I have said all along, there are tactical things about the withdrawal Biden has probably bungled. It should be investigated. One major thing I’m seeing is that we evacuated Bagram a couple months ago, and Bagram has two major air strips and is 35 miles from Kabul. Bagram is also extremely defensible, I can’t help but feel we probably should have held onto that base until all of our people were out of country. But I’m not a General and not a planner of this evacuation, apparently Gen McKenzie who is the commander of CENTCOM is the one who approved us leaving Bagram. The military and the President are accountable to the people, and I’m perfectly fine with an investigation.

But I also want an investigation into the Trump administration, who signed a deal with terrorists at Doha for the first time maybe in U.S. history, and made Ghani release 5000 of them from prison for ostensibly nothing in return. I also want an investigation into the intelligence reports prepared for decision makers from Bush to Biden to understand why even when senior political leadership asked about the political competency of the Afghan government it seems like our expensive military intelligence apparatus gave no compelling answers.

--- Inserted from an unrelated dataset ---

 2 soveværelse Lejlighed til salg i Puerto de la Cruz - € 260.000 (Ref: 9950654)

Biden doesn’t get absolved for any mistakes he’s made with this withdrawal, but the core argument that we needed to leave seems entirely vindicated to me, by the 11 day collapse. And any proper understanding of the withdrawal also needs to address why we signed a one sided deal with a terrorist group under Trump that had us release 5000 terrorists from jail. And addresses the fact that Biden came into office with less than 3000 troops in office, one of the few executive actions Trump continued to even perform during his final months in office when he spent most of his time throwing a temper tantrum over his electoral defeat, was continuing to press for troop draw downs in Afghanistan.

Biden did not make the Afghan government collapse. The whole point is we have failed for twenty years at making the Afghan government viable.

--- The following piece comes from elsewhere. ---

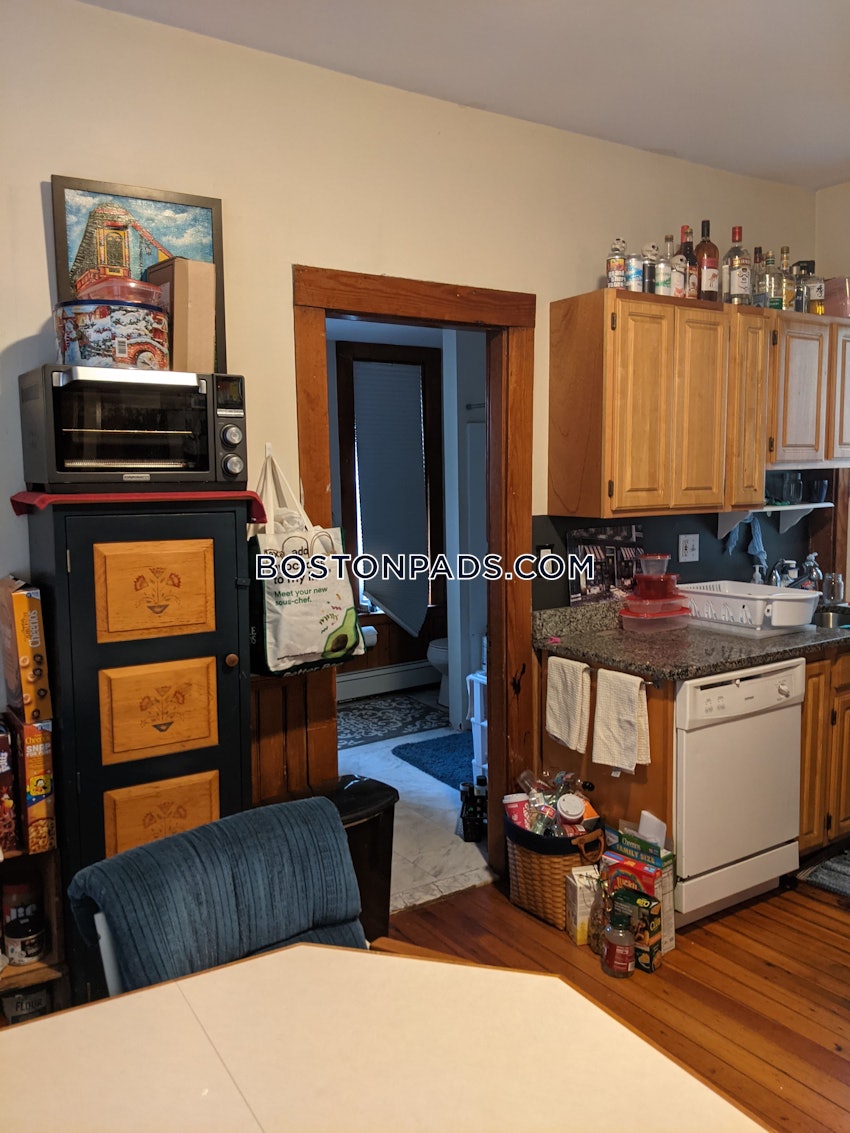 BOSTON - MISSION HILL - 4 Beds, 1 Bath - Image 6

Biden is responsible for this current evacuation (which is going fine), he is not responsible for 20 years of failed Afghan policy. In fact he should get credit for being the only President with sufficient spine to end our misadventure there, and additional credit for questioning its wisdom 11 years ago while he was Vice President.

Also the Taliban do not control the airport perimeter, as per recent reporting the nearest Taliban forces to the airport are staying about 2 miles away.

Yep, as badly as Biden botched the execution (and I do think it’s fair to blame him rather than “The Blob”) his mistakes in the past week are nothing compared to doing what his predecessors did in continuing to indefinitely throw lives at a lost cause.

From an American troop involvement there were no loses for over a year. compare that to a weekend in Chicago. Nothing good is going to come of the taliban expanding back into the region.

There were no losses because the Taliban were waiting for us to leave. If the prospect of us leaving was off the table, we would go back to taking losses and Afghans would face significantly more losses.

The reason there are a bunch of Afghans who collaborated with us and are now trying to desperately leave the country is that we lied to them and told them we were trying to win this war. “No new lies” was the correct policy.

That’s because Trump withdrew all the troops aside from a small caretaker force that he forbade participating in any actual combat. So it’s not particularly surprising none of them were killed.

The issue is the Taliban was literally waiting us out to leave, so they had no reason to start going crazy waging war. If we told them we were never leaving they would go back to heavy armed resistance like they were doing back before 2016-2017 or so, and to actively combat that, we’d need more than the 2500 forces Trump left in country. We averaged over 40,000 troops in Afghanistan for like our first 14 years in country, before the “final draw down” under Obama took us to the low 10,000s. The idea that 2500 gets the job done just isn’t realistic. That 2500 wasn’t facing sustained Taliban attack like we were seeing years before because the Taliban knew they just had to wait us out.